PROBLEM REQUIREMENTS >> Repeat the data as given. Images do not go in the copy.

THE DATA >>
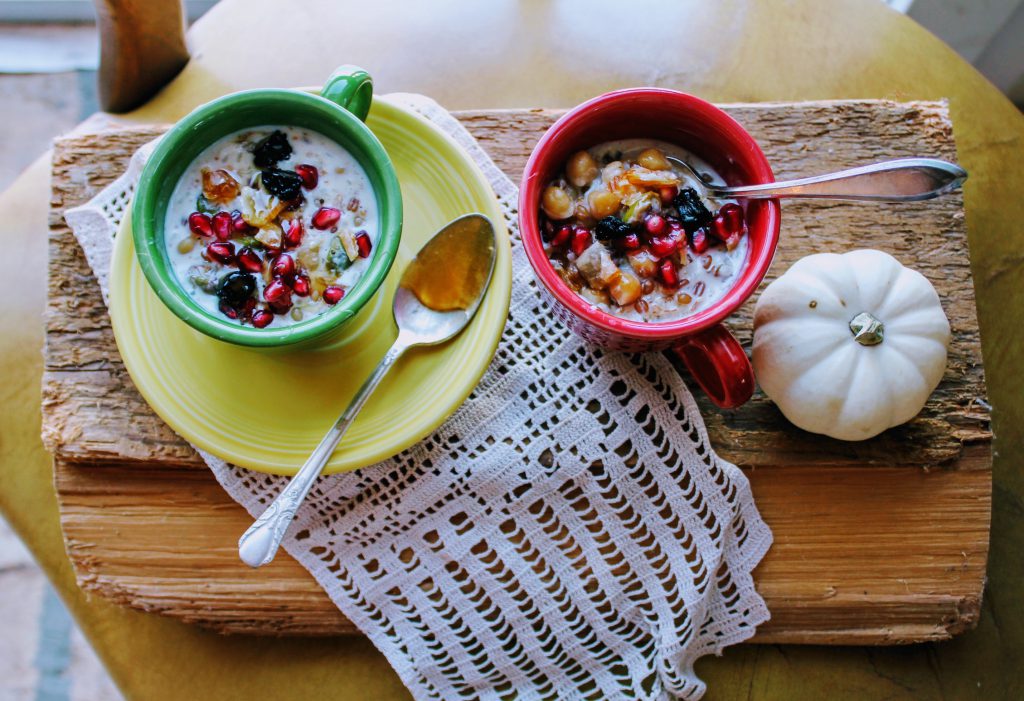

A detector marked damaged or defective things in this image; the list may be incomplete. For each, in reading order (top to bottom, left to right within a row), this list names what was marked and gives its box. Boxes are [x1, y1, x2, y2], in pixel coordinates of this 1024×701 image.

splintered wood edge [41, 98, 991, 470]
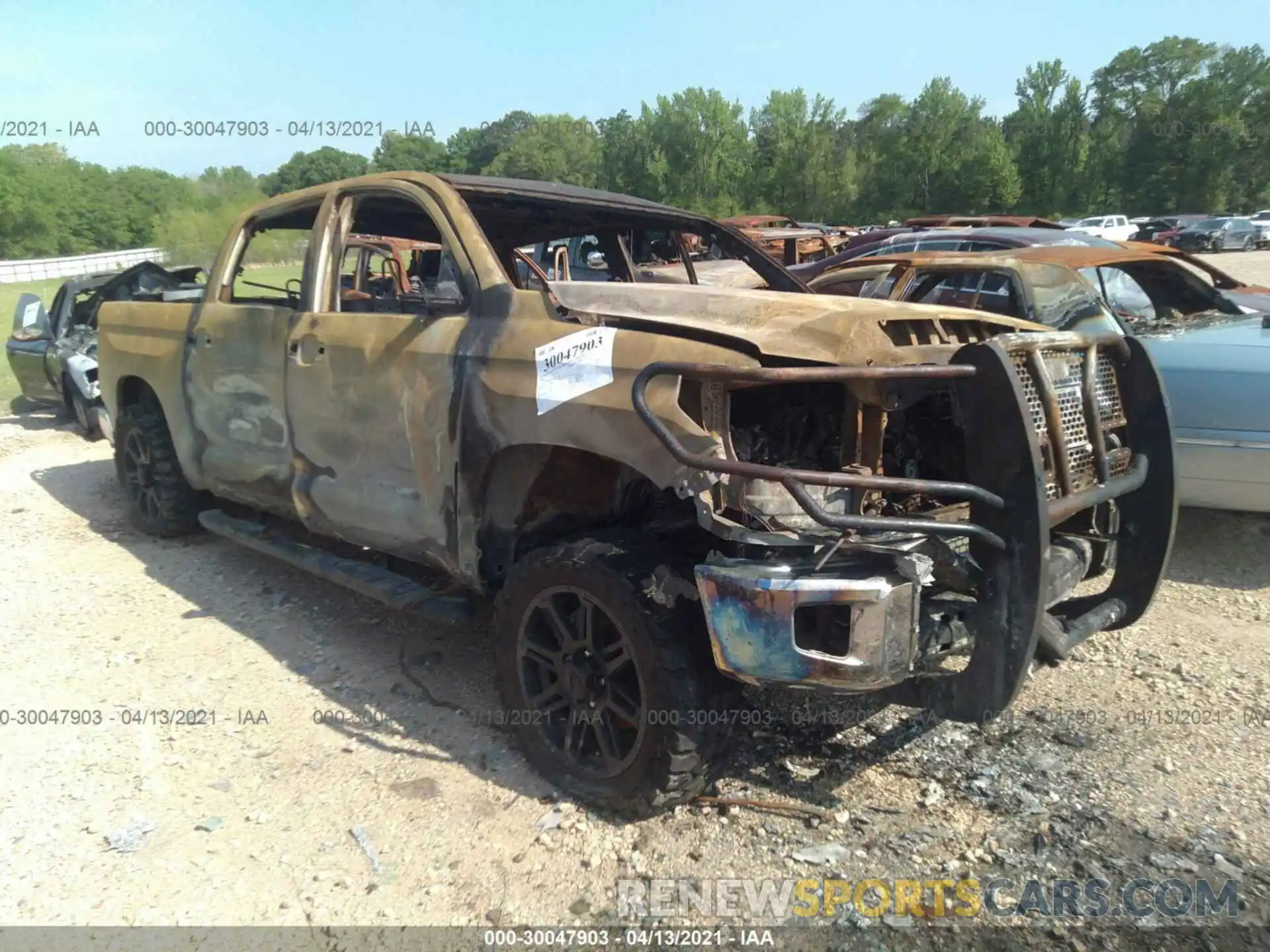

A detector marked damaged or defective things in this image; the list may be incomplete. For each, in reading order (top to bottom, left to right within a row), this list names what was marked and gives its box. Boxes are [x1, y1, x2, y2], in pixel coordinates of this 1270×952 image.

burned door panel [185, 303, 296, 515]
rusted car hulk [94, 171, 1173, 812]
burned pickup truck [94, 175, 1173, 817]
charred truck cab [99, 170, 1178, 812]
burned hood [548, 279, 1051, 365]
burned roof rail [630, 360, 1005, 548]
charred truck cab [630, 327, 1173, 721]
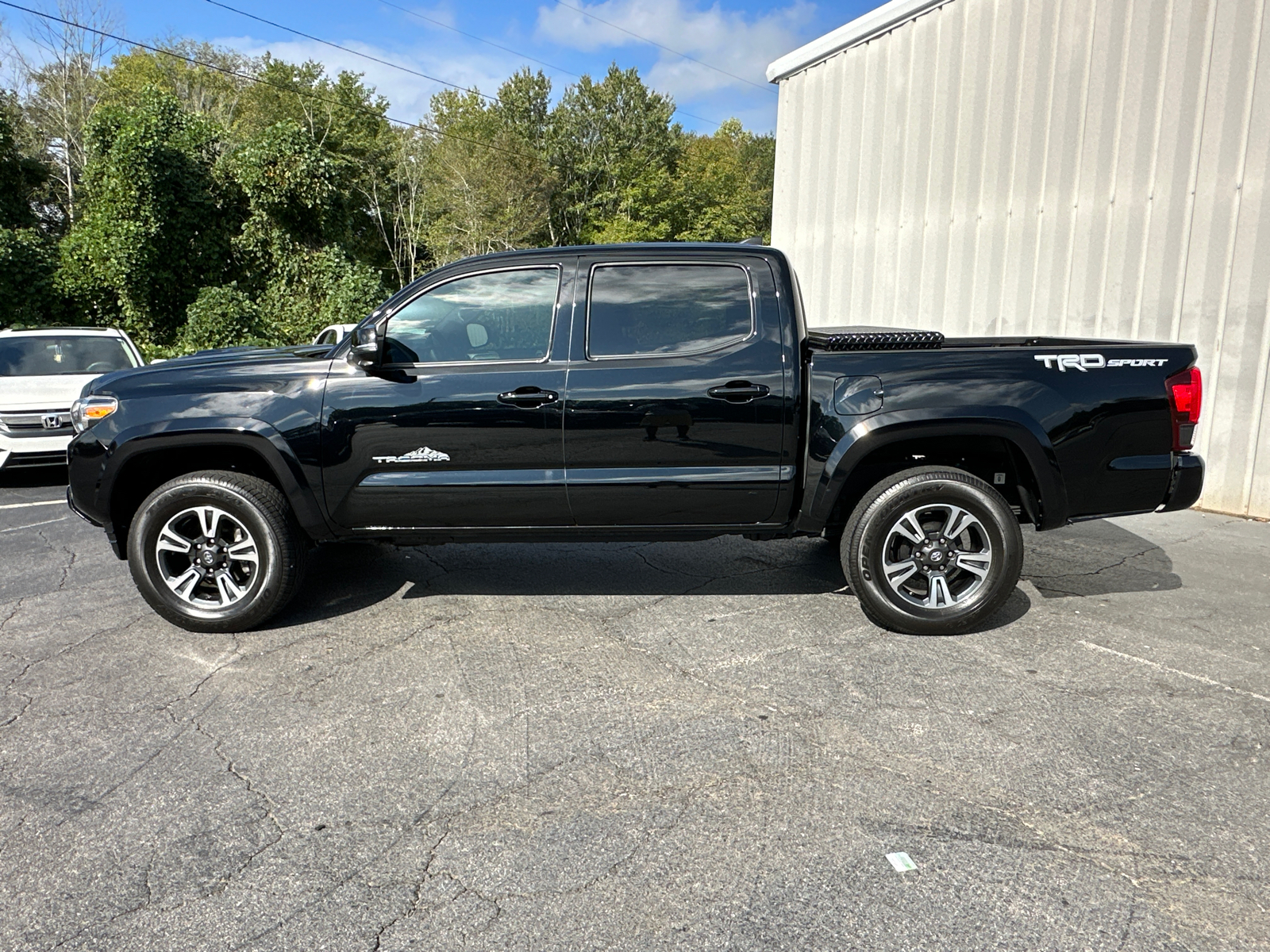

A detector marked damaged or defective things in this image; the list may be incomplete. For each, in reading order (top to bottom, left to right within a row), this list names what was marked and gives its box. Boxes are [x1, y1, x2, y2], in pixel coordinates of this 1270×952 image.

cracked asphalt [0, 470, 1264, 952]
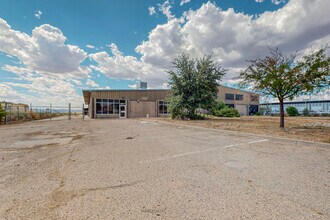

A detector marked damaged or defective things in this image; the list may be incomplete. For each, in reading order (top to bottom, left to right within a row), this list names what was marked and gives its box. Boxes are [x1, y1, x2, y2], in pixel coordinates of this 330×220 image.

cracked asphalt [0, 117, 328, 218]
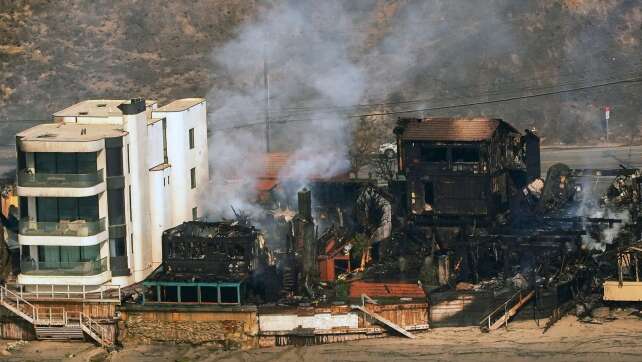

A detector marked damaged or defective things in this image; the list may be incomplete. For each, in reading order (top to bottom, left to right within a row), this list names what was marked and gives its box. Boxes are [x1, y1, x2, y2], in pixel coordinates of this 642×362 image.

burned building [141, 222, 274, 304]
fire damage [138, 117, 636, 344]
charred debris [142, 117, 636, 326]
burned building [396, 116, 536, 225]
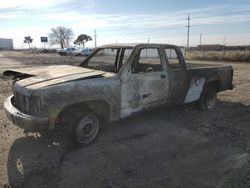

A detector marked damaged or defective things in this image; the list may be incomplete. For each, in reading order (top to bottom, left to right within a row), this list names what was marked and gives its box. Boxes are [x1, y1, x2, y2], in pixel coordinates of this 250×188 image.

burned pickup truck [3, 43, 234, 146]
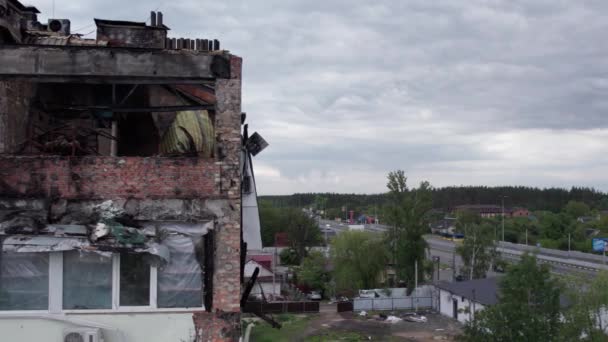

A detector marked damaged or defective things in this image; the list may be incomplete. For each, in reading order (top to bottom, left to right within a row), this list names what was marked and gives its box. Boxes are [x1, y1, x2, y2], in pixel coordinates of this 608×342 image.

burned brick wall [0, 79, 35, 154]
damaged apartment building [0, 1, 266, 340]
broken window opening [0, 251, 48, 310]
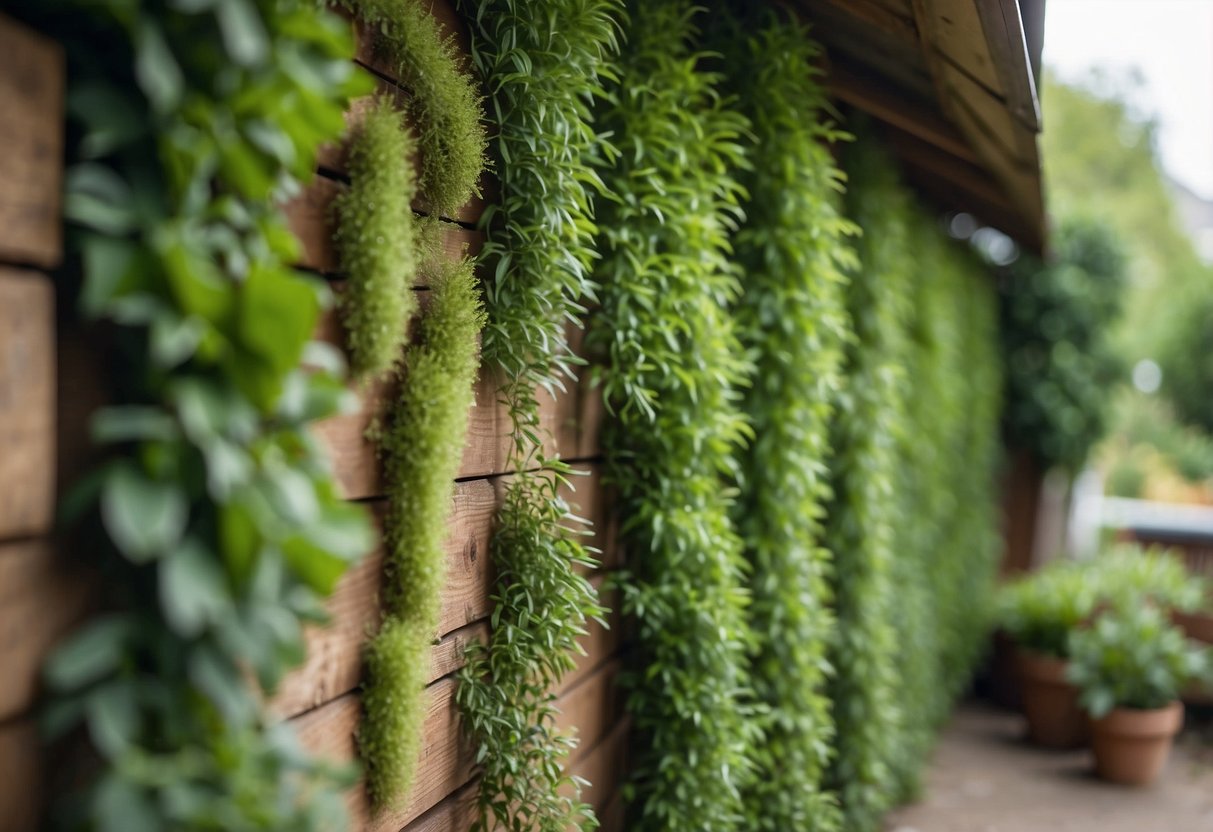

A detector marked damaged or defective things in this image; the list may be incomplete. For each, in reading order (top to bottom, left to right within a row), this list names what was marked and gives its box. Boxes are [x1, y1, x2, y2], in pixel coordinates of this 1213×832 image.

rusty wood board [0, 17, 62, 266]
rusty wood board [0, 269, 54, 540]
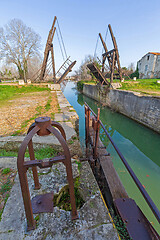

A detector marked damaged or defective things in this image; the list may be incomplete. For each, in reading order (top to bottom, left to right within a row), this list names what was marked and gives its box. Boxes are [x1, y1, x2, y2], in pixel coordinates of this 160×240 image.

rusty iron mechanism [88, 24, 123, 85]
rusty iron mechanism [16, 116, 78, 231]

ANSWER SECTION >>
A detector marked damaged or defective things in this image; the list may be incomplete. For each, in reading order (top to bottom, left to right within a row), this list names what was marked and gives its box. Boxes are [x1, y1, x2, y2], in pixel coordinates of this 1024×701 image.

splintered wood edge [41, 98, 991, 470]

A detector marked damaged or defective things in this image; the list may be incomplete. For each, in reading order (top to bottom, left to right within a row), this list names what was marked and gives its box. Boxes are [x1, y1, x2, y2], in pixel coordinates of this 1270×952 image.

burned door panel [185, 303, 296, 515]
rusted car hulk [94, 171, 1173, 812]
burned pickup truck [94, 175, 1173, 817]
charred truck cab [99, 170, 1178, 812]
burned hood [548, 279, 1051, 365]
burned roof rail [630, 360, 1005, 548]
charred truck cab [630, 327, 1173, 721]

A detector marked damaged or defective things in this image; the list may be incomplete. For each, in reading order (top to bottom, left to right within a row), this list names what was marked and gives its box. Boxes are [x1, y1, x2, y2], in pixel coordinates of this 1270×952 image.

cracked asphalt [0, 470, 1264, 952]

A detector marked damaged or defective things in this image; the list may be incomplete. For each, in reading order (top to bottom, left to right within a row), this list names what was marked and gives its box. Boxes are [x1, y1, x2, y2], in pixel coordinates of this 330×220 image.

cracked asphalt [0, 117, 328, 218]

A detector marked damaged or defective things in this image; the list may be incomplete. For each, in reading order (top to bottom, left to right within a row), this list names what was marked and gives its box. Boxes are [x1, y1, x2, y2], in pixel coordinates of this 642×362 image.

burned building [141, 222, 274, 304]
fire damage [138, 117, 636, 344]
charred debris [142, 117, 636, 326]
burned building [396, 116, 536, 225]

A detector marked damaged or defective things in this image; the list may be incomplete. For each, in reading order (top to bottom, left to right within a row), this list names what was marked and gives its box. Boxes are [x1, y1, x2, y2], in pixel coordinates of this 250×188 image.

burned pickup truck [3, 43, 234, 146]

A detector marked damaged or defective things in this image; the list may be incomplete. For each, in reading order (top to bottom, left to right within a row), this list names what was marked and gives its box. Boxes are [x1, y1, x2, y2], in pixel coordinates of this 608×342 image.

burned brick wall [0, 79, 35, 154]
damaged apartment building [0, 1, 266, 340]
broken window opening [0, 251, 48, 310]

A detector marked damaged or defective things in this image; the list may be incomplete. For each, in reading order (top to bottom, left to right within a row), this list names what was marked and gives its box. Boxes are [x1, y1, x2, y2], in pixel coordinates of this 1213×832 image.

rusty wood board [0, 17, 62, 266]
rusty wood board [0, 269, 54, 540]

A detector marked damaged or defective things in this image; the list may be incomplete. For each, in reading order (top to bottom, left to right within a row), this list names what was marked and gives its box. Boxes are [x1, y1, x2, y2], in pixel coordinates of this 160×240 image.

rusty iron mechanism [88, 24, 123, 85]
rusty iron mechanism [16, 116, 78, 231]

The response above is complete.